Sorry, the rest of this is not too vegetarian-friendly The fact that I acknowledge this is a good thing on the step to so-called ending cruelty.

On the subject of the day, chickens.
The chicken at Chick-Fil-A was quite superb as always. TGIT, and not Sunday!
At the quite new Dulles Town Center, I saw an unusual take on a calendar- Chickens
And I saw a chicken at the last farm between the Beltway and Leesburg.
Trying to find a BP (for which we have a rewards card valid until Saturday), we stopped at Boston Market to pick up dinner. The second chicken came for just $1.99. The chicken was indeed superb- the nicely browned skin and all. I recommend them too.
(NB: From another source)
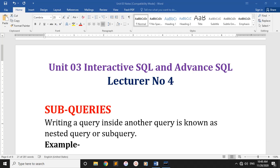Hello students. This is the Interactive SQL and Advanced SQL unit. This is the topic of sub-queries. We will learn about the types of queries in SQL.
Wednesday, December 31, 2008

Not quite done

Oh, yeah, Blogger runs on West Coast time- it won't be New Year for a while, on their time.
Yes, and did we all enjoy our extra second too? I can't believeq it made so much news- not much happens at this time of year.

First Post, 09

Mission Acomplished
...8 7 6 5 4 3 2 1 Happy New Year! Right on the dot. Now what must I do this year?
Jan- Issue JMAG
See inauguration
Win big in school
Sometime later this year- start looking at colleges

Yeah, it'll all come into place.

Blog Book 2008 will be out soon- hot off the press!

Wednesday, January 2, 2008

2008

Is it a good year?
Oil hit $100 a barrel and stocks were the worst for the first trading day of a new year since 1983. Oil is bound to pass the $102 mark, the inflation-adjusted all-time high. But this year is going to be a good year, says the television psychic I saw yesterday. Feathered dresses are in style this winter, I heard, from the Today Show before I flipped the channel.

Impediments
It's the first working day of 2008! Of course I would have liked to blog on 1/1/08, the first (no buts no coconuts) day of the year, but here's why: viruses and a younger brother. No, those did not give me the flu, but that is what made my computer inaccessible yesterday and just about every day I missed blogging since Christmas. Virus program runs for hours on end, little brother is addicted to that game; Chris Sawyer's Locomotion. Not to attack him improperly, I must also say that he's been doing online high school applications. So there. While he's away in New York I take advantage of having a computer so conveniently ready for me. Have to be grateful for those times of uninterrupted web work.